Das Pic von Freeka war denke ich schon net schlecht. Nur das eine Licht verkleineren und viel mehr davon zu einem Kreis bilden.
Entweder so oder so:

Er meint vielleicht auch dieses Rautenmuster auf der Ampel.


Sers
Sliver


----------



## NgiseD (21. August 2002)

wir reden scheinbar aneinander vorbei. ist mein fehler.
wie meine die alten ampelmänchen aus der ddr.
Diese sollten nur in einzelnen leuchtenden punkten dargestellt werden.
je weiter man an den rand der figur kommt desto kleiner sollten sie werden. und ach einen eigenen "schein" haben.
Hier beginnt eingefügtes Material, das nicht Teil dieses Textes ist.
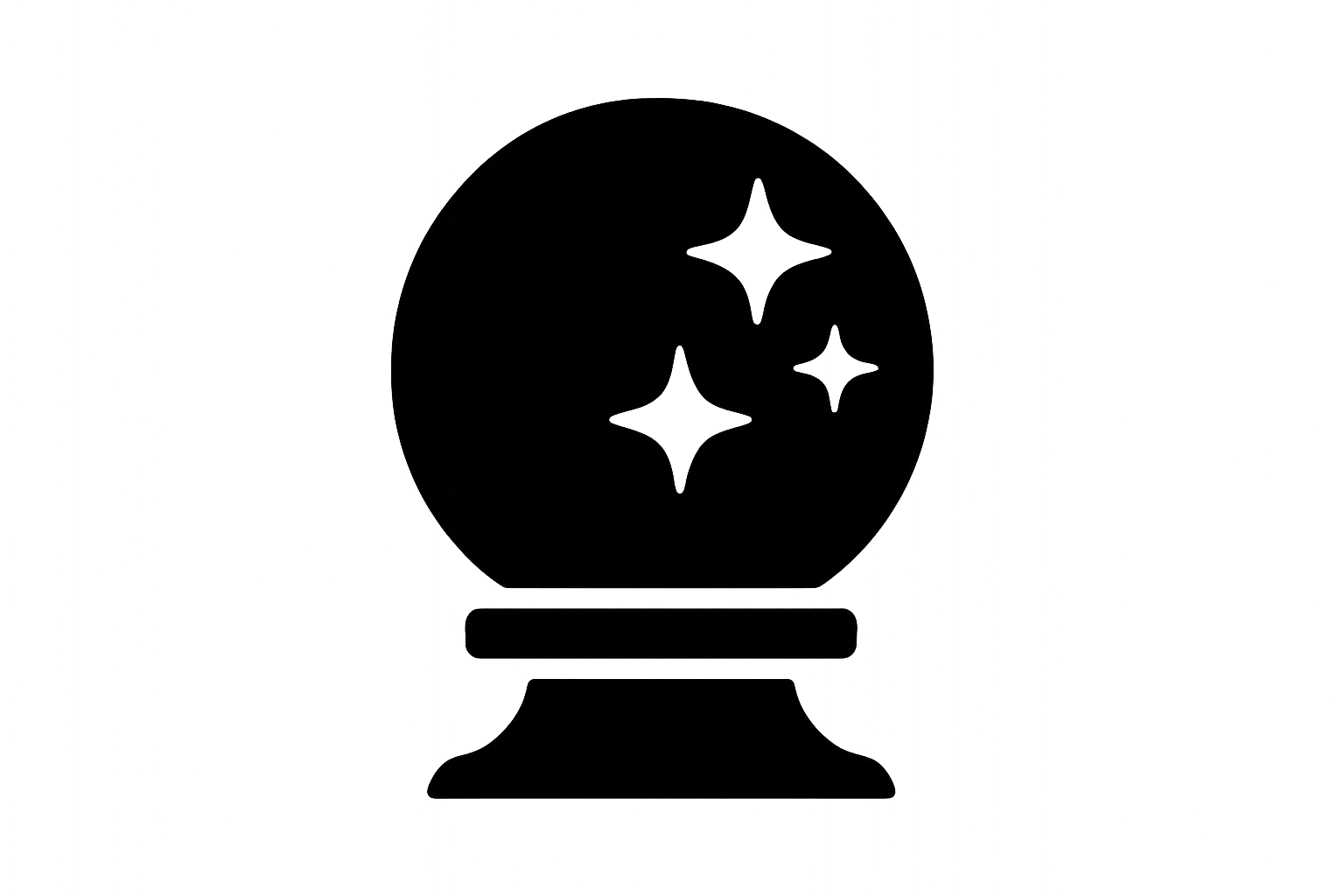 black icon of a fortune teller ball
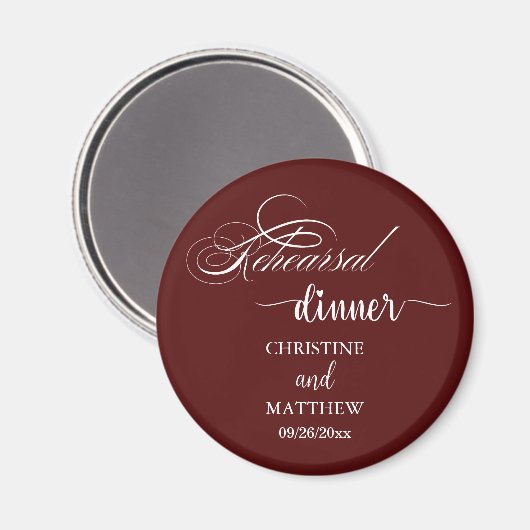 Elegantes Calligraphy Burgundy Probe Dinner Magnet (Vorderseite/Rückseite)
hier ein beispiel foto von den ampelmänchen!!!


----------



## Nino (21. August 2002)

Ich hab da mal was probiert.


----------



## freekazoid (21. August 2002)

ich weiss glaub was du meinst. such mal nach 'technodots'


----------



## freekazoid (21. August 2002)

sorry, doppelpost … ich weiss

aber beim editieren kann man irgendwie keine dateien anhängen.
drum jetzt hier …

dein pic kombiniert mit technodots im anhang.
so in etwa? das leuchten is bisserl bescheiden, aber das is die idee?


----------